Sinéad O’Connor: Artist of Conscience

Sinéad O'Connor performing at the Ramsbottom Music Festival on Sunday 15th September 2013.

Sinéad O’Connor performing at the Ramsbottom Music Festival on September 15, 2013. By Phil King, CC by 2.0

The Zinn Education Project mourns the death of Sinéad O’Connor.

There is much to be written about O’Connor, who said about herself that she was “proud to be a troublemaker.” The “trouble” she made? In 1989, nominated for four Grammys, she boycotted the awards show, saying they were based on “false and destructive materialistic values.” In 1990, O’Connor refused to appear on Saturday Night Live when they scheduled the misogynistic and homophobic Andrew Dice Clay as the host. She refused to have the national anthem played before her concerts. She explained, “It’s the American system I have disrespect for, which imposes censorship on people, which as far as I’m concerned is racism.”

She was what is too rare in popular culture: an artist of conscience.

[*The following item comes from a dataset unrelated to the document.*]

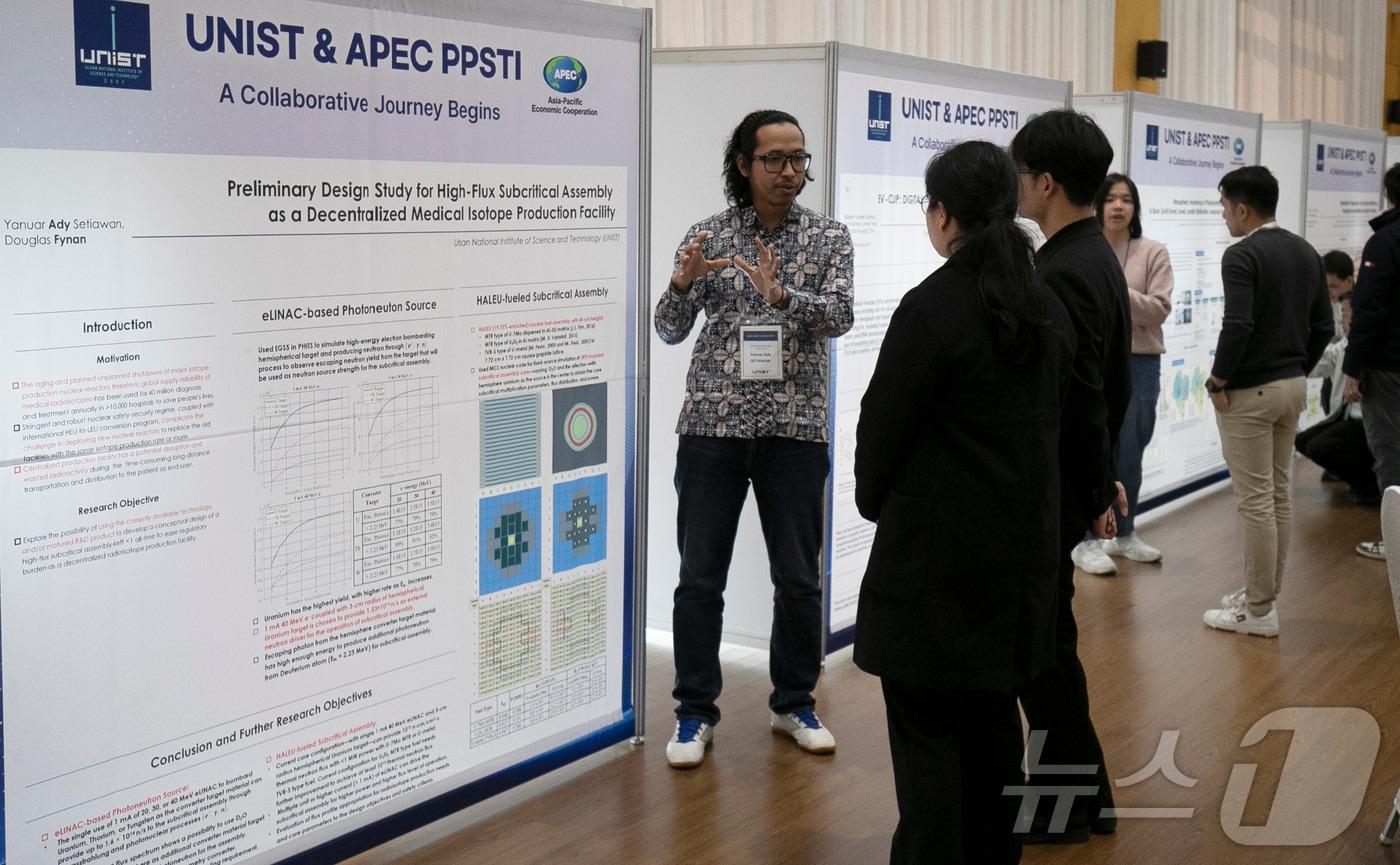 APEC 회원국 출신 UNIST 대학원생들이 26일 UNIST 경동홀에서 APEC 회원대표들에게 연구 성과를 공유하고 있다. 2025.2.26/뉴스1 ⓒ News1 조민주 기자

In our role play, “Hunger on Trial,” on the Irish Famine, we feature two of O’Connor’s poignant songs: “Skibbereen” and “Famine.” As O’Connor sings in “Skibbereen”:

Oh, it’s well I do remember, that bleak

December day,

The landlord and the sheriff came, to drive

us all away

They set my roof on fire, with their cursed

English spleen

And that’s another reason why I left old

Skibbereen.

Regarding land and food as purely commodities is the throughline from the Irish Famine to today. Honor Sinéad O’Connor by drawing on her insight, anger, and poetry in your curriculum.